We at The Kaleidoscope Factor balk at gossip and celebrity news unless there is some type of hypocrisy that we can pounce on. But recently, we have come across information that may not be news to those close to the story, but sort of relevant to others.
80’s heart-throb and music sensation Al B. Sure! has been accused by his son, Quincy Brown, of being a dead-beat father. It is remarkable how African American male celebrities can basically get away with murder and not be held accountable to their fan base for their actions. Al B. Sure! was every sistas dream man and potential father of their fantasy children.
Apparently, those unfortunate ladies who did end up with Al B. Sure and had subsequent children with him, got the short end of the stick.

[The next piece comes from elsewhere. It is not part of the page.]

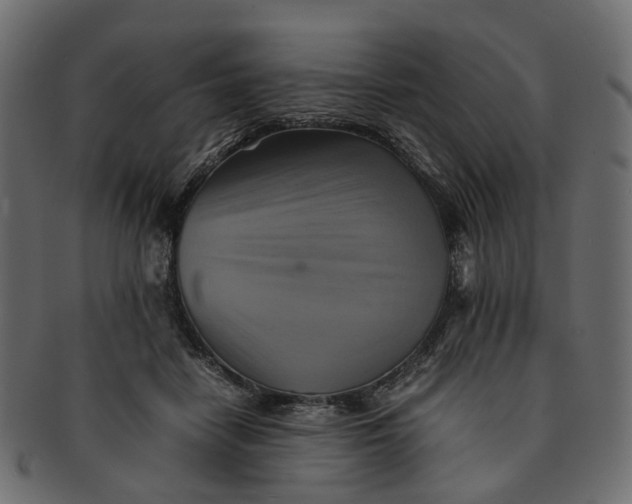 X0000091540458200709071108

But the one thing that I have to admire about this whole situation is the galant effort that Sean Puffy Combs has displayed in stepping into the role of Dad to Quincy Brown. I am not a Puffy fan, but I do admire him for steppingup to the plate that Al B. Sure! deserted. Check out the well-crafted letter of Quincy Brown to his father, Al B. Sure!:
A Letter To My Father
I’ve been inspired throughout my life by special circumstances and unique experiences. Foremost, I grew up with a family that injected me with unconditional love and enduring confidence. This is my foundation … the family holidays and celebrations with my maternal lineage … supportive smiles in audiences at school programs … guiding hands to complete homework and special projects in the wee hours of the morning.
However, I grew up without my father, an irreplaceable force and influence that was absent in my life. I watched other kids enjoy the embrace of theirs, and I searched for a way to reconcile the meaning of my circumstance.

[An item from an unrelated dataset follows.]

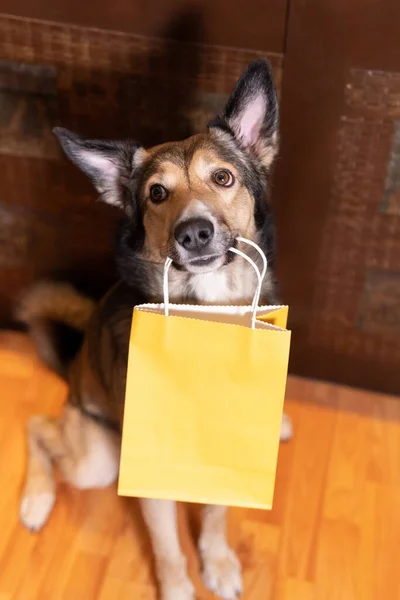 funny dog with a shopping bag in his teeth. Concept of shopping for animals. Environmental package. space for text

Despite my pain, I’ve imagined a life as a good son with my father. Baseball … Playing in School Band … Church … All of the things that he would expect his son to do, I’ve done. I’ve stood in front of audiences to receive awards. I heard their applause and praise. But, the accolades have been absent the sound of his clapping hands and encouraging words … his voice that I could distinguish in my sleep. Where has he been?
Now, I reflect on the journey, the pain, the challenges, and the triumphs through this song. I’m reconciled as a man, no longer a boy, in verse. Now, I know that I’m not alone.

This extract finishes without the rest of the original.